On 26 August, Hitler tried to dissuade the British and the French from interfering in the upcoming conflict, even pledging that the Wehrmacht forces would be made available to Britain's empire in the future. The negotiations convinced Hitler that there was little chance the Western Allies would declare war on Germany, and even if they did, because of the lack of "territorial guarantees" to Poland, they would be willing to negotiate a compromise favourable to Germany after its conquest of Poland.
Meanwhile, the increased number of overflights by high-altitude reconnaissance aircraft and cross-border troop movements signaled to all observers that war was imminent.
On 29 August, prompted by the British, Germany issued one last diplomatic offer, with Fall Weiss yet to be rescheduled. That evening, the German government responded in a communication that it aimed not only for the restoration of Danzig but also the Polish Corridor in addition to the safeguarding of the German minority in Poland. It said that they were willing to commence negotiations, but indicated that a Polish representative with the power to sign an agreement had to arrive in Berlin the next day while in the meantime Germany would draw up a set of proposals. The British Cabinet was pleased that negotiations had been agreed, but, mindful of how Emil Hácha had been forced to sign his country away under similar circumstances just months earlier, regarded the requirement for the immediate arrival of a Polish representative with full signing powers as an unacceptable ultimatum. On the night of 30/31 August, German Foreign Minister Joachim von Ribbentrop read a 16-point German proposal to ambassador Nevile Henderson. When the ambassador requested a copy of the proposals for transmission to the Polish government, Ribbentrop refused, on the grounds that the requested Polish representative had failed to arrive by midnight. When Polish Ambassador Lipski went to see Ribbentrop later, on 31 August, to indicate that Poland was favorably disposed to negotiations, he announced that he did not have the full power to sign an agreement, and Ribbentrop dismissed him. German radio then broadcast that Poland had rejected Germany's offer, and that, therefore, negotiations with Poland had come to an end. Hitler issued orders for the invasion to commence soon afterwards.

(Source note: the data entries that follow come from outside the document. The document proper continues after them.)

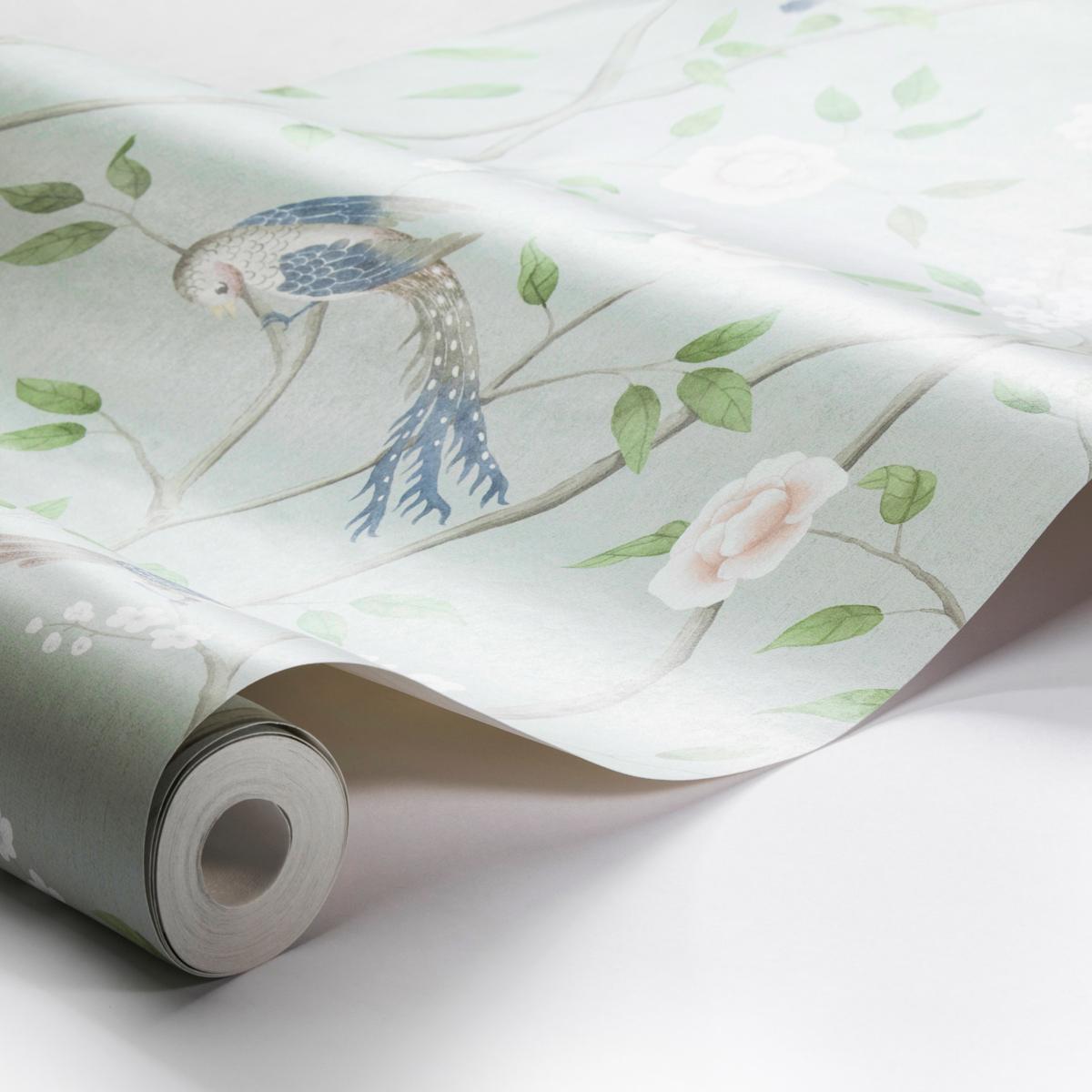 Paradise Birds - Mineral Shimmer Wallpapers | Schumacher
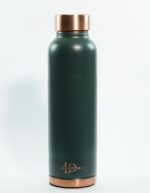 Set of 1 Unique Dust Olive Green & 2 Glasses of Water - Image 4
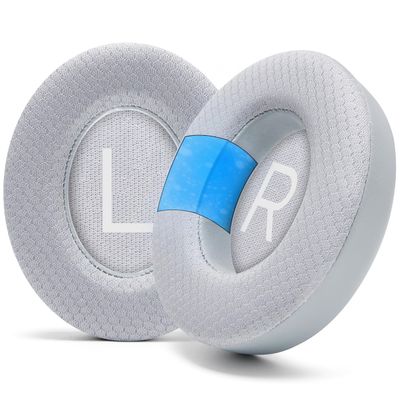 WC Freeze NC700 - Cooling Gel Ear Pads for Bose Noise Canceling 700 Headphones | Breathable Sports Fabric, Cooling Gel, Extra Thick & Cooler for Longer | Silver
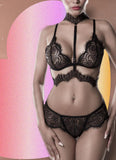 Grey Velvet Lingerie Set 2 | Angel Clothing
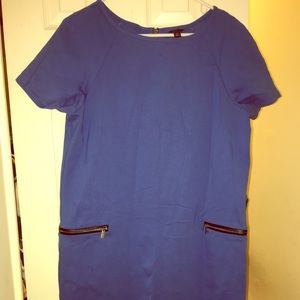 Ann Taylor ponte knit shift dress large tall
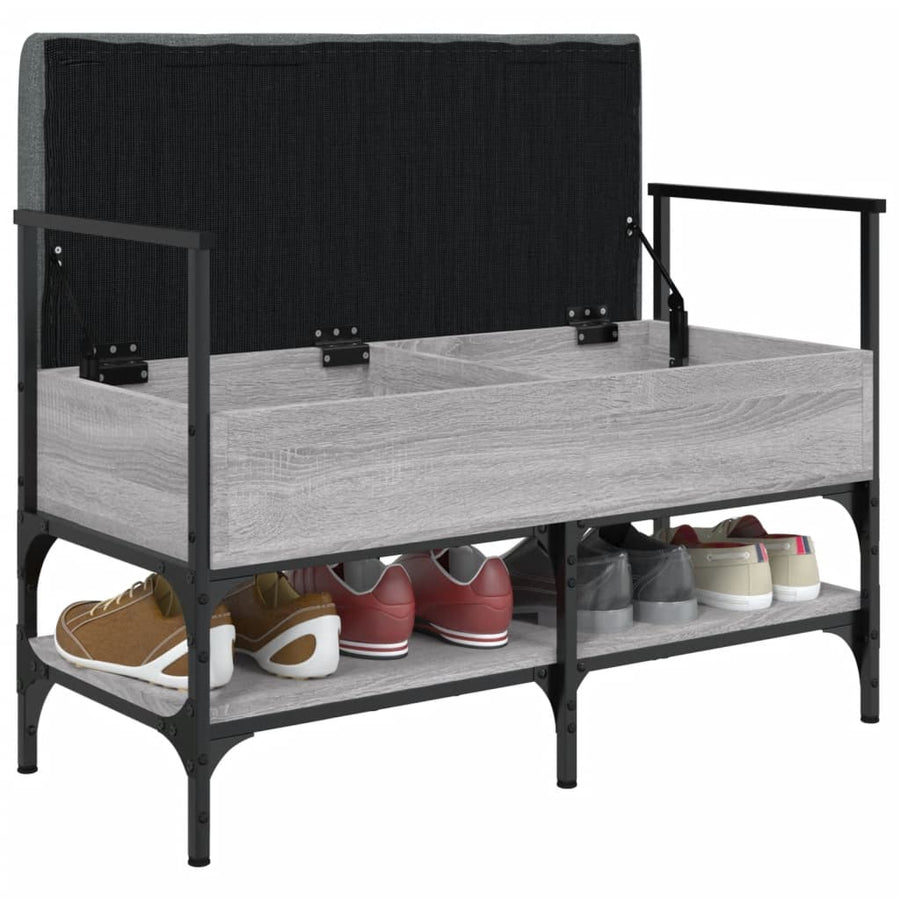 Schoenenbank 85,5X42X57,5 Cm Bewerkt Hout Grijs sonoma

On 29 August, Polish Minister of Foreign Affairs Józef Beck ordered military mobilization, but under pressure from Great Britain and France, the mobilization was cancelled. When the final mobilization started, it added to the confusion in the country.
On 30 August, the Polish Navy sent its destroyer flotilla to Britain, executing the Peking Plan. On the same day, Marshal of Poland Edward Rydz-Śmigły announced the mobilization of Polish troops. However, he was pressured into revoking the order by the French, who apparently still hoped for a diplomatic settlement, failing to realize that the Germans were fully mobilized and concentrated at the Polish border. During the night of 31 August, the Gleiwitz incident, a false flag attack on the radio station, was staged near the border city of Gleiwitz in Upper Silesia by German units posing as Polish troops, as part of the wider Operation Himmler. On 31 August, Hitler ordered hostilities against Poland to start at 4:45 the next morning. However, partly because of the earlier stoppage, Poland finally managed to mobilize only about 70% of its planned forces. Because of that, many units were still forming or moving to their designated frontline positions. The late mobilization reduced combat capability of the Polish Army by about 1/3.
On 31 August, Edward VIII, the Duke of Windsor, sent a message to Victor Emmanuel III, the King of Italy, asking for Italy to intervene and try to prevent Germany and Poland from going to war.